This is an expression of Jefferson's personal opinion. Jefferson did not take part in the forming of the constitution or the bill of rights as he was out of the country at that time.

The phrase was first used when Supreme court justices explained their ruling that students attending a catholic school could not be excluded from a publiclly funded busing system that transported students to local private schools.

Ironically, the phrase has repeatedly been used to justify excluding religious practice from the public arena in the last 30 years.

2006-06-25 02:14:28 · 6 answers · asked by Anonymous in Politics & Government Law & Ethics

The phrase is not in the constitution and the federalist papers and notes from the constitutional congress, the ratifiyng convention in individual states, and coreespondence between the members all make it clear that the modern interpretation does not fall within the framers intentions.

2006-06-25 02:34:51 · update #1

bestanswer

Actually the establishment clause was intended to keep the federal government from establishing an official national religion or from interfereing with the rights of the states to do so.
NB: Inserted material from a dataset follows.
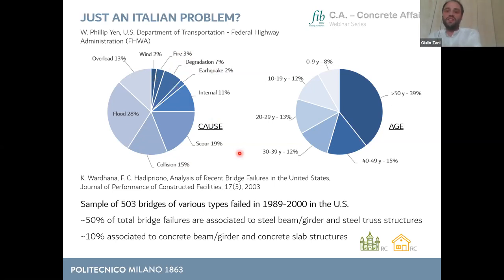I also reference a heavily cited paper from 2003 analyzing 500 bridge failures in the US from 1989 to 2000. About 50% of total failures were associated with steel structures — completely different data from the Italian situation — and about 10% were associated with concrete structures. This might look like good news for reinforced concrete, but it's better to assume a neutral position because in the United States steel bridges are much more common than in other parts of the world.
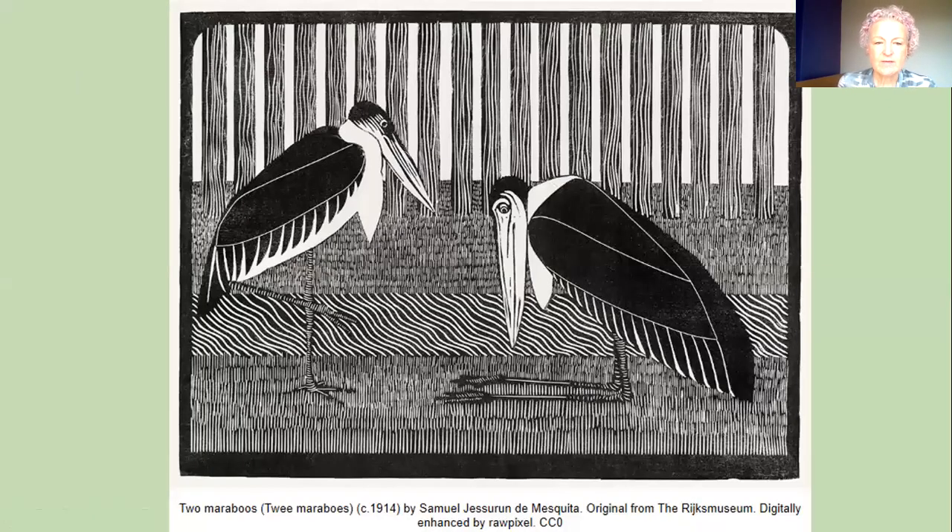Here we see a really detailed pen and ink drawing of two marabous, two birds, and the artist has made very simple shapes but used pen and ink to fill them in. We've got some solid black areas and some white areas, wavy lines at different angles, and tiny straight marks that go together. Look at the impact that artist has had with just a few different uses of different marks.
The idea was that the federal keep it's legislative nose out of religious issues... It was not intended to prevent senators from having bible study sessions in their offices, teachers from sharing their faith with interested students, or students from reading their bibles, praying or sharing their beliefs with their classmates.

Our liberty depends on our education, our laws, and habits . . . it is founded on morals and religion, whose authority reigns in the heart, and on the influence all these produce on public opinion before that opinion governs rulers. Fisher Ames. Framer of the first Amendment.

2006-06-25 05:20:45 · update #2

6 answers

Unlike the vast majority of Americans, I've read every word of the Constitution. The term "separation of church and state" isn't even referred to, let alone mentioned.

The people who most loudly shout that phrase almost always point to Conservative ministers like Pat Robertson and Jerry Falwell as being the target of their scorn.

But for some reason, Liberal ministers Jesse Jackson and Al Sharpton never get the same kind of scrutiny. They are exempt from criticism from the Left.

Just example number 13,646 of Liberal double standard and hypocracy.

2006-06-25 02:52:58 · answer #1 · answered by Anonymous · 1 1

Actually, it's in US Supreme Court holdings dating back to the mid-1800s. Long before bussing. And last I checked, the Supreme Court still has some authority over the laws in the US.

While the phrase is not literally in the Constitution, it is embodied in the Establishment and Free Exercise clauses of the 1st Amendment. (see above). "Congress shall make no law respecting the establishment of religion, nor prohibiting the free exercise thereof". Applicable to the states via the 14th Amendment.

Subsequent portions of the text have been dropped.